ペルセウスはゼウスの血を引く半神であり、神々から授かった魔術的な武具を駆使してメドゥーサ殺しを成し遂げ、その後も多くの困難を乗り越えました。ミュケーナイ王家の創始者となり、死後は星座(「ペルセウス座」)になったとも言われます。
2.ペルセウスにまつわる神話
(1)誕生
<ダナエ ジョン・ウィリアム・ウォーターハウス画 ダナエーとペルセウスはセリーポス島に漂着する>
アルゴス王アクリシオスには娘ダナエーがいましたが、男の子がおらず、息子を望んだアクリシオスは使者を使わして神託を求めました。神託は「息子は生まれず、アクリシオスは彼の孫によって殺される」という恐るべき内容だったため、アクリシオスはダナエーを青銅の部屋に幽閉しました。

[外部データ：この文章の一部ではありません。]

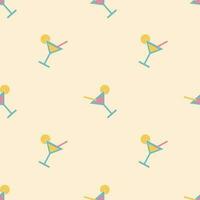 Cocktail on the beach, seamless pattern, vector. vector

ところがゼウスが黄金の雨に身を変えて忍び込み、ダナエーはペルセウスを産みました。これを知ったアクリシオスは、娘とその子を手にかけることができず、二人を箱に閉じこめて川に流しました。ダナエー親子はセリーポス島に流れ着き、漁師ディクテュスによって救出されました。
(2)ゴルゴーン退治
<メドューサに勝利するペルセウス像(ヴィクトリア&アルバート博物館蔵)>
ペルセウスはセリーポス島で成長しましたが、やがて、漁師ディクテュスの兄でセリーポス島の領主であるポリュデクテースがダナエーに恋慕するようになり、邪魔になるペルセウスを遠ざけるためにゴルゴーンの一人メドゥーサの首を取ってくるように命じました。

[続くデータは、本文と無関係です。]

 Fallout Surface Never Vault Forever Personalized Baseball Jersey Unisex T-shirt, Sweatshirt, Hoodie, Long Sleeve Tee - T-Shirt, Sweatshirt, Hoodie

ペルセウスはアテーナーとヘルメースの助力を受け、アテーナーから青銅の盾を授かり、ゴルゴーンを殺すのに必要な道具を持っているニュムペーたちの居場所を聞くためにゴルゴーンの妹であるグライアイ三姉妹の元に行きました。
彼女たちは生まれつき醜い老女で、三人でたった一つの眼と一本の歯しか持っていませんでした。彼女たちが居場所を教えてくれないために、この眼と歯を奪って脅すことで無理やり聞き出しました。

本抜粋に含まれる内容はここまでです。